Am I finally cured of the travel bug?

My boss is in Italy right now. A friend from college just got off the phone with me, telling me about all of the cheap flights she just bought to Scotland, and Spain. She’ll be in Europe for six weeks. “Should I go to Morocco, or Portugal next?” she asks me. “We were supposed to go to Portugal together once,” I think, though not bitterly and not with regret.

Kansas City, Missouri 2018

I look out my window and see a blanket of grey, and white. It’s snowing outside, big plops of snowflakes coming down from a heavy sky sideways. The tree branches are still bare and whatever green sprung to life is now covered and drooping.

Another friend lights up my phone with pictures of fields of daffodils in London and canals in Germany. He brings me back a little key chain from Amsterdam, a wooden shoe.
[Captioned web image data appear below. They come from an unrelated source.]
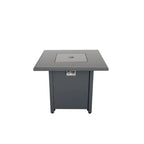 30" Powder-Coated Metal Fire Pit with Smoked Glass Surface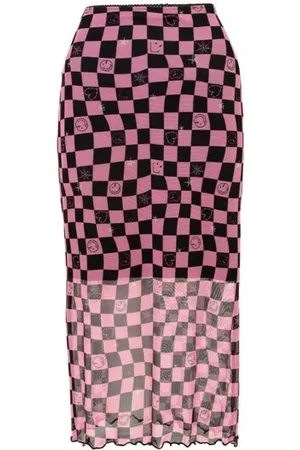Hell Bunny X Smiley Originals Distortion Skirt Long skirt pink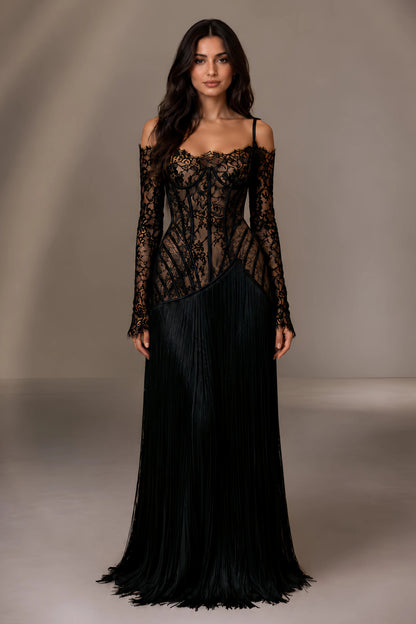 Off-Shoulder Lace Corset Gown with Fringe Skirt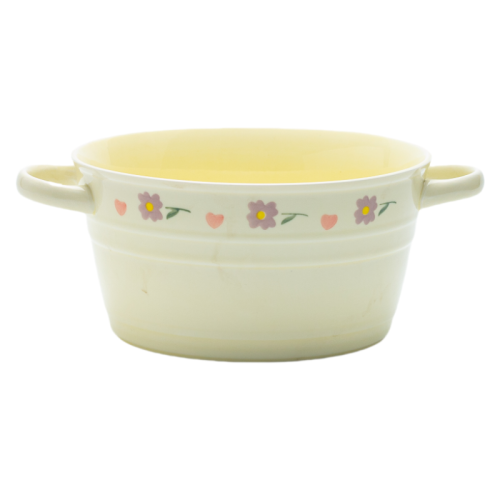 Vintage Floral Ceramic Bowl & Plate Set – Yellow Glazed Stoneware with Heart & Daisy Motifs, 4-Piece Retro Dinnerware Collection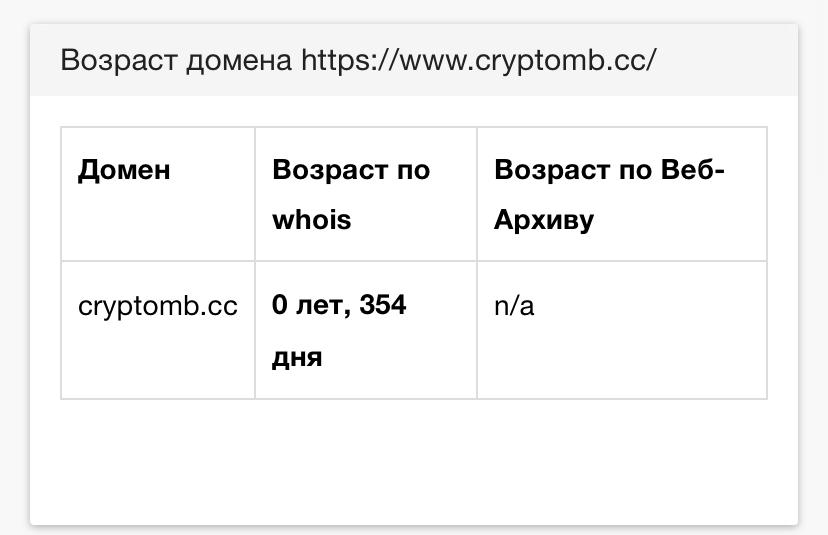 Возраст домена cryptomb.cc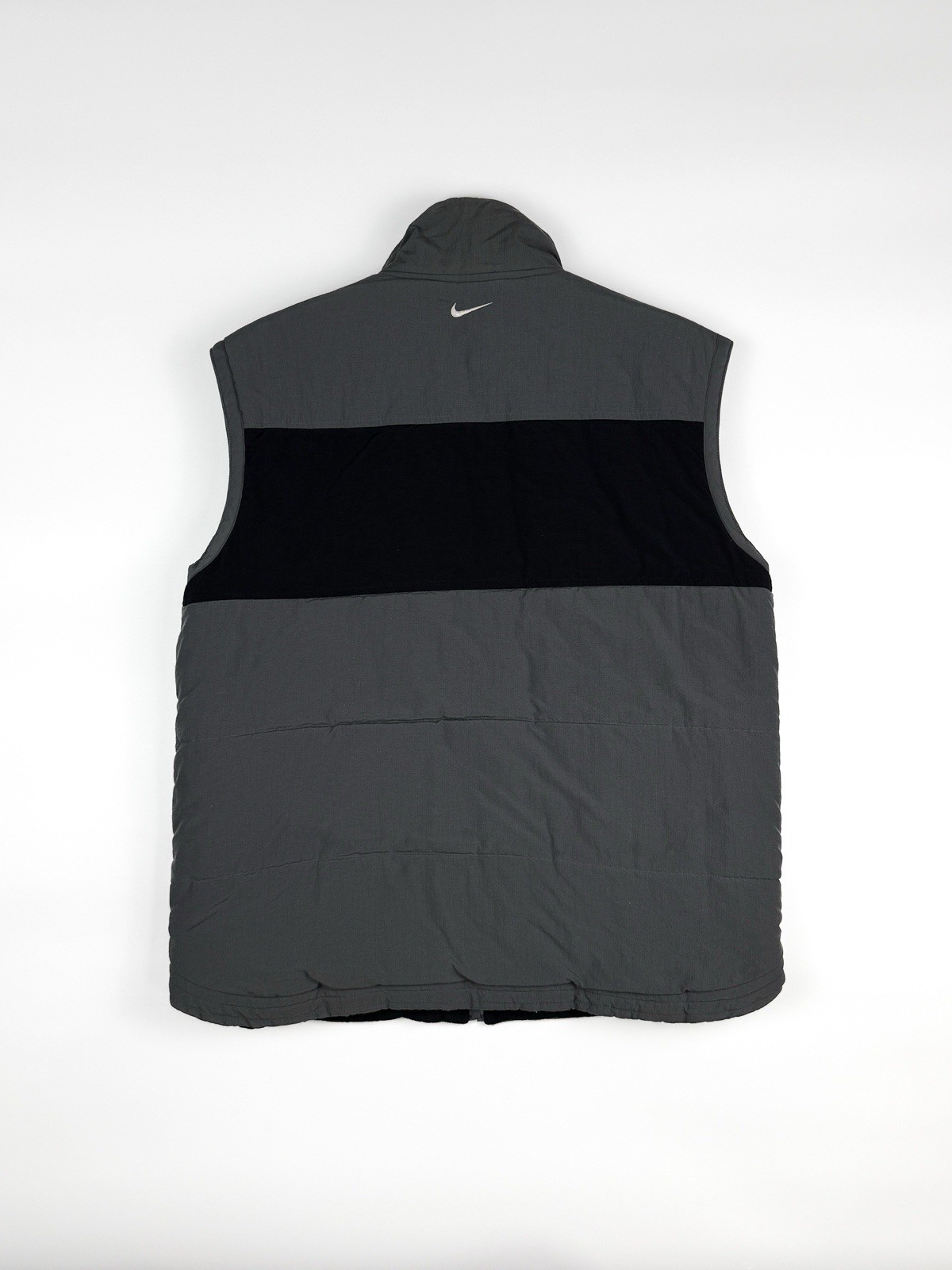 Vintage Nike Black Size Medium Ripstop Full Zip Vest Body Warmer Gilet 90s Y2K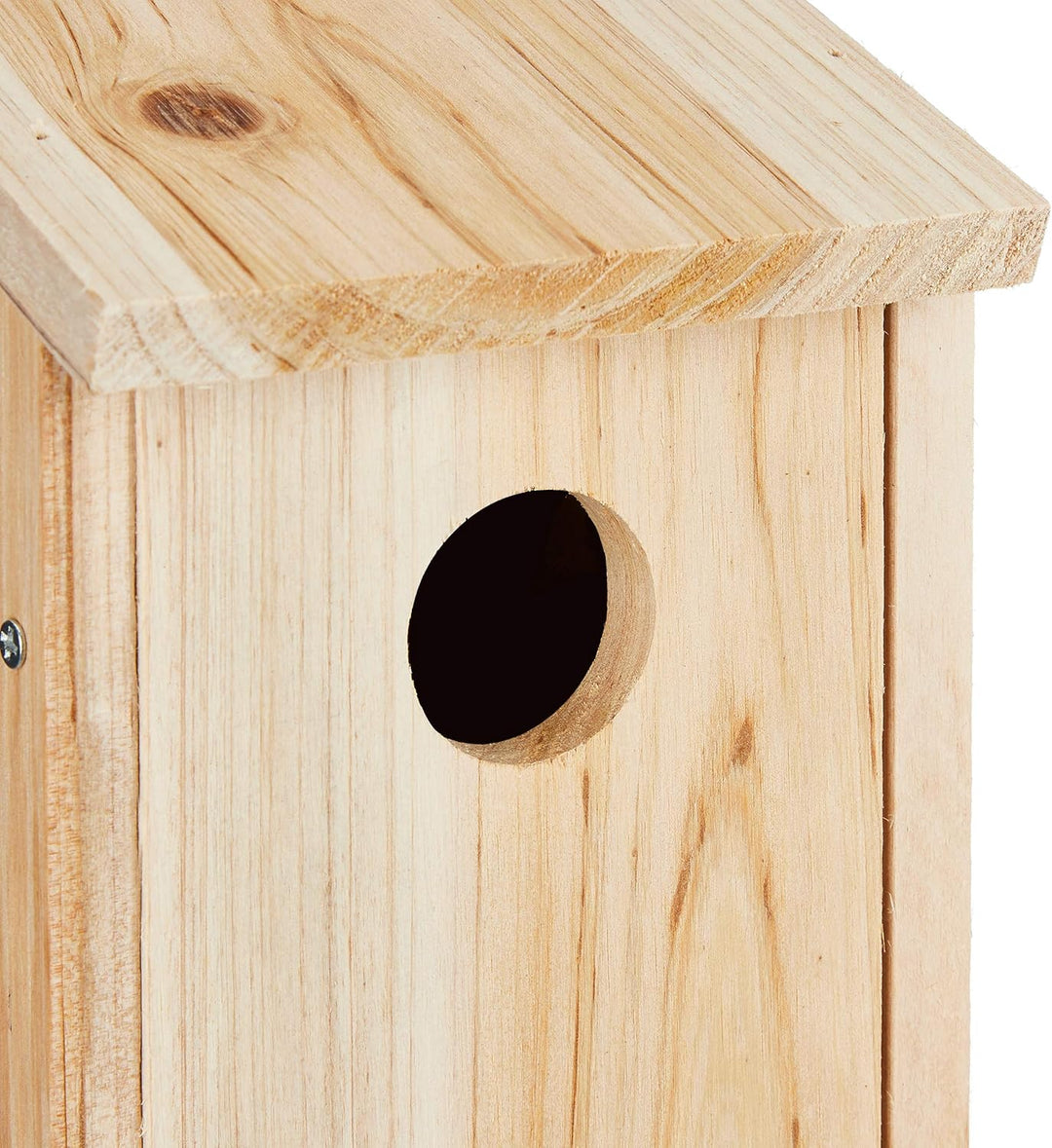Relaxdays Nistkasten, Nisthöhle für Vögel, zum Hängen, unbehandeltes Holz, Flugloch-Ø 3,2 cm, 26 x 1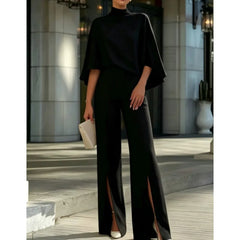 Autumn Women's Half Turtleneck Shawl Top Fashion Slit Wide Leg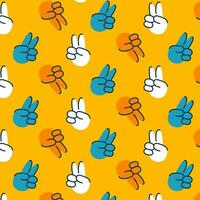 Cool trendy pattern, 70s style background. Retro vector illustration. Hippie gesture, peace gesture.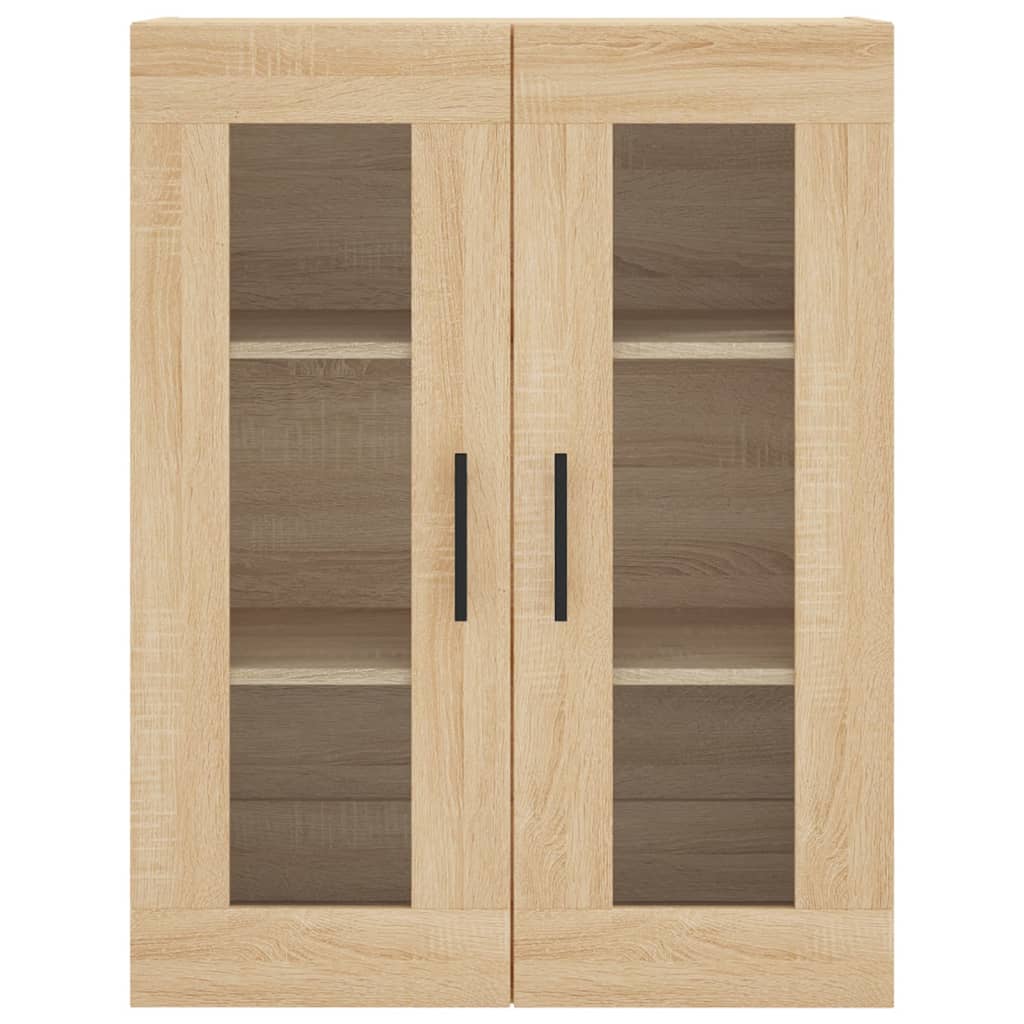 Hoge Kast 69,5X34X80 Cm Bewerkt Hout Kleurig Sonoma eiken 1 houten deur 3 lades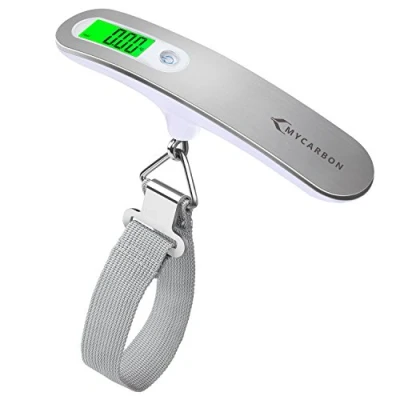 Abbildung von MYCARBON Digitale Kofferwaage Gepäckwaage Analog für Reisekoffer Küche Angeln 50KG / 110 lb Hängewaage Digitalwaage Fischwaage (Silber3)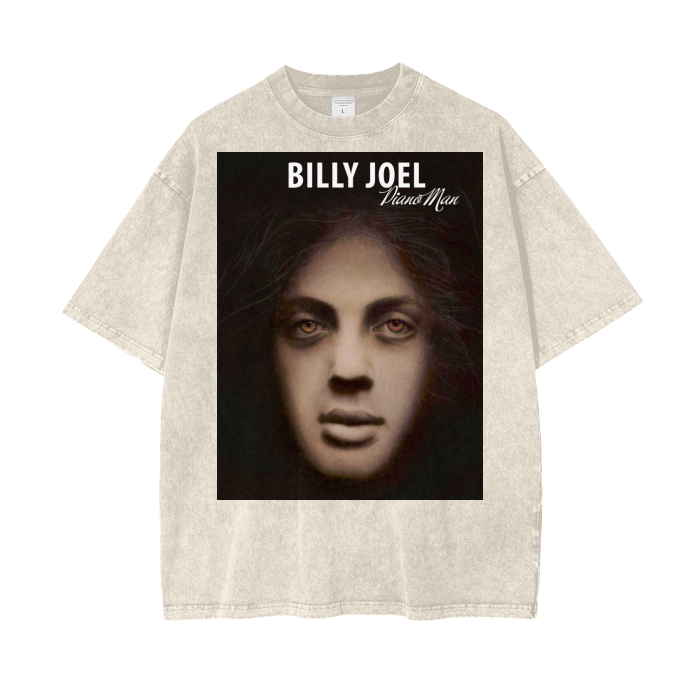 Billy Joel Piano Man Acid Wash Oversized T-Shirt. Sepia Vintage Recreated Tshirt.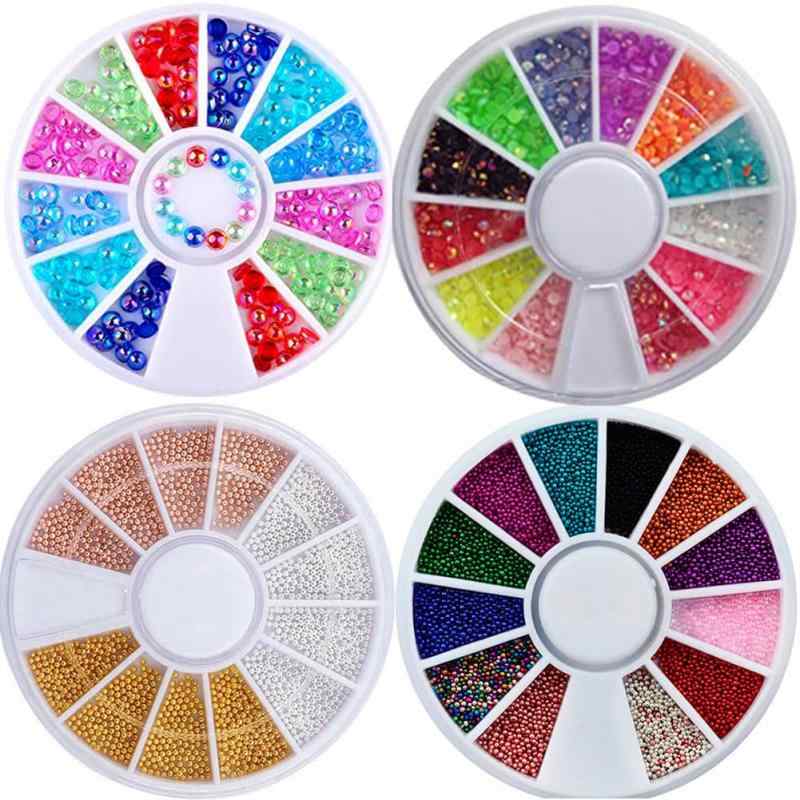 美思雲ネイルアート3 Dキャビアミニ金属ボール金銀微小鋼ビーズ装飾パーツ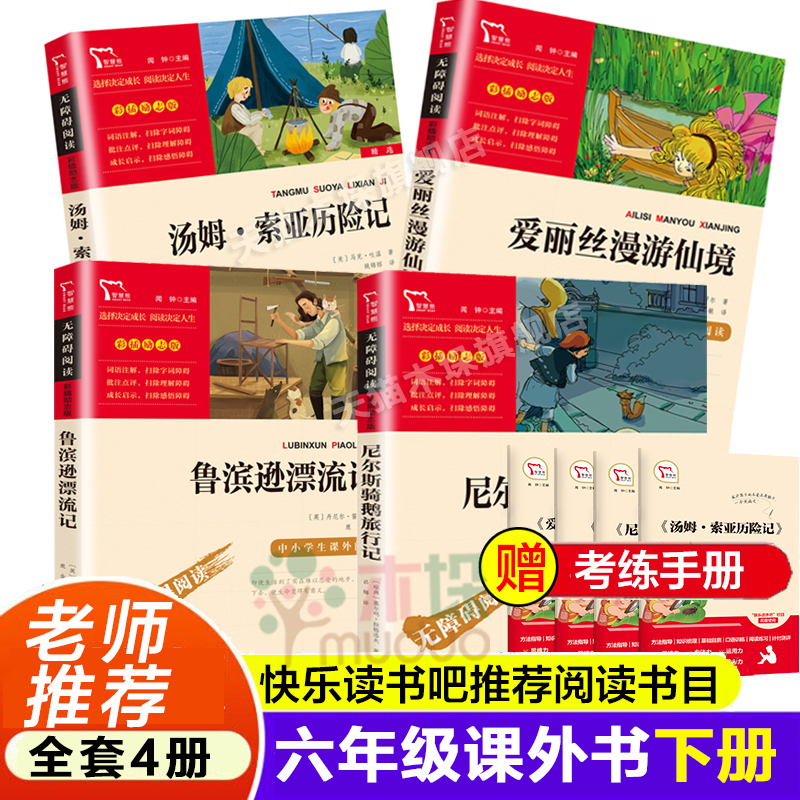 [4册 赠考点手册]快乐读书吧六年级下册(6下) [正版]全套4册 鲁滨逊漂流记的六年级下册课外书必的读汤姆索亚历险记爱高清大图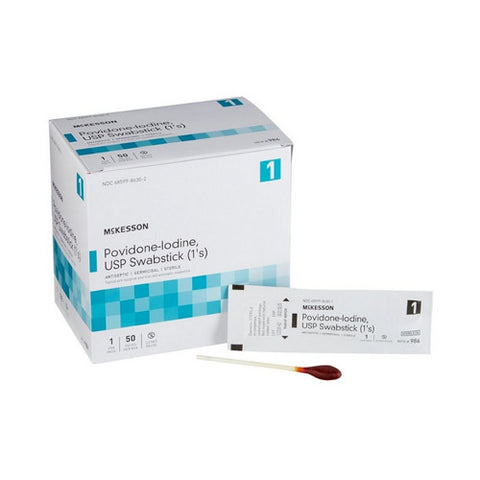 McKesson, Impregnated Swabstick McKesson 1 Pack Individual Packet 10% Strength Povidone-Iodine, Case Of 10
I smile because it is more than I brought home with me even though I was there, too.

Amsterdam, Holland 2016

Once.

I listen knowingly while he tells tales of smoking in little cafes in Amsterdam and riding the train to Hamburg.

“You’ll love Rome, especially at night,” I tell my boss.

“Definitely go to Morocco,” I urge my friend. “The food is incredible.”

I eagerly offer advice and wish them well because I get it. The ecstatic feeling of being anywhere but here. The thrill of the journey and the planning and the unknown. Coming home with a glow of memories and photographs and new tastes still fresh on your tongue.

Essaouira, Morocco 2013

But I don’t want it. I don’t feel jealous, or left out. It’s been a little over two years since I’ve been abroad and I’m not even tempted to spend my lunch break looking up cheap flight airfares, even though I have been contemplating the beauty of places like Ireland and Hawaii and maybe, I don’t know.

The truth is, I’m kind of worried that I’m cured of the travel bug. Shouldn’t I be feeling more restless? Or curious? Or intrigued, or all of the things I felt before?

But I’m not.

And the thing is, it’s not exactly like my life is perfect now. The last six weeks have been high intensity in all of the good and stressful and anxiety ridden ways. Things are a little unsteady, a little uncertain in most areas of my life. The snow outside seems to be in cahoots with how I feel on the inside….like Spring should’ve arrived by now but I’m still in a bit of a winter-y funk.

All of this should be fodder for me to…want to run away. Or book a flight to…anywhere. Or at least plan a method of escape so that I can look forward to getting away while trudging through the daily grind.

But I don’t have any of those instincts.

I don’t want to run. Or feel like I need to. In fact, I’ve never wanted to stay more than I do now. In spite of the hard stuff. And the struggles and…just life.

When I read back through my travel journals, they are filled with vivid sights and sounds. I can feel the emotion of that hot, stiff afternoon sitting in an open cafe in Ghana, flies buzzing around and women selling fried plantain chips from woven baskets on their head. I can smell the crisp, clean cold of a Fall on the heels of a Summer spent in France and taste the crusty end of a baguette on my tongue with the crumbs still sticking to my lips. I remember the exhaustion and the colors and the wondering.

I read the longing between every line.

“Avignon is beautiful. Southern France is beautiful. Summer has passed and the wind blows, singing notes of Autumn. Still, I’m looking for my roots. I’m looking for consistency that’s tied to something other than waiting on buses and filling my lungs with smoke.”

And so it is. The city names change, but the longing never does. With each page, it shows up. A whisper, a shout, a cry.

I don’t really know what’s changed, to be honest. Maybe time, maybe me. Maybe I had to chase myself all around the world to finally find myself exactly where I am. And to be okay with that.

There’s still longing. There’s still some restlessness and nights when thoughts go around like a carousel. There’s still grief, and sorrow. But mostly, I don’t want to be anywhere else. Even if Spring refuses to come.

Because there are muddy paws on the kitchen floor, and it’s mine. Jazz plays in the background and upstairs a new roommate is putting a fresh coat of paint on the walls. There are cookies in the oven and it smells like melted butter and mulled wine, and Christmas. In April, no less.

And this is it. This is all I wanted for so long.

I don’t really think I’m cured of the travel bug. But maybe something else. And I’m not sure what that might be, but I think the antidote is contentment. And I’m drinking it daily.

When the time is right to travel again, I’ll know. And maybe there will be less running and more seeking. And maybe, not. Either way, it will be okay. It always is.